Import data from a partitioned MaxCompute table - Hologres

This topic describes how to import data from a partitioned MaxCompute table to a partitioned Hologres table.

Prerequisites

A Hologres instance is purchased. For more information, see Purchase a Hologres instance.
MaxCompute is activated. A MaxCompute project is created. For more information about how to activate MaxCompute, see Activate MaxCompute and DataWorks.
DataWorks is activated. A DataWorks workspace is created. For more information about how to create a DataWorks workspace, see Create a workspace.

Background information

Foreign tables in Hologres are widely used to import data from MaxCompute to Hologres. Data import is often required in daily work. In this case, you can use the powerful scheduling and job orchestration capabilities of DataWorks to implement periodic scheduling and configure an auto triggered workflow to import data. For more information, see Sample DataWorks workflow.

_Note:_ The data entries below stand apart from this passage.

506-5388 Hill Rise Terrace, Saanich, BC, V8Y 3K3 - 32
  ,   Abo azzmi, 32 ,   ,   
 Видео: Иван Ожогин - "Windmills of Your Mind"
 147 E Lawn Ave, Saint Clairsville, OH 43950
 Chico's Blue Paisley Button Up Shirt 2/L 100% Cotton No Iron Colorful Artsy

The workflow is complex. Therefore, you can use the Migration Assistant service of DataWorks to import the package of the sample DataWorks workflow to your workspace to create a workflow. Then, you can modify some parameters or scripts based on your business requirements. For more information, see Use the Migration Assistant service to import a DataWorks workflow.

Precautions

Temporary tables are used to ensure the atomicity of operations. Temporary tables are attached to a partitioned table only after the table data is imported. In this case, you do not need to delete the tables if the data fails to be imported.
In the scenario in which the data in an existing child partitioned table is to be updated, you must place the deletion of the child partitioned table and the attachment of a temporary table in a transaction to ensure the atomicity, consistency, isolation, durability (ACID) properties of the transaction.
Prerequisites for using the Migration Assistant service to import a DataWorks workflow:
- DataWorks Standard Edition or a more advanced edition is activated. For more information, see Differences among DataWorks editions.
- MaxCompute and Hologres data sources are added to the DataWorks workspace. For more information, see Create and manage workspaces.

Procedure

Prepare MaxCompute data.

Log on to the MaxCompute console.
In the left-side navigation pane, click Data Analytics.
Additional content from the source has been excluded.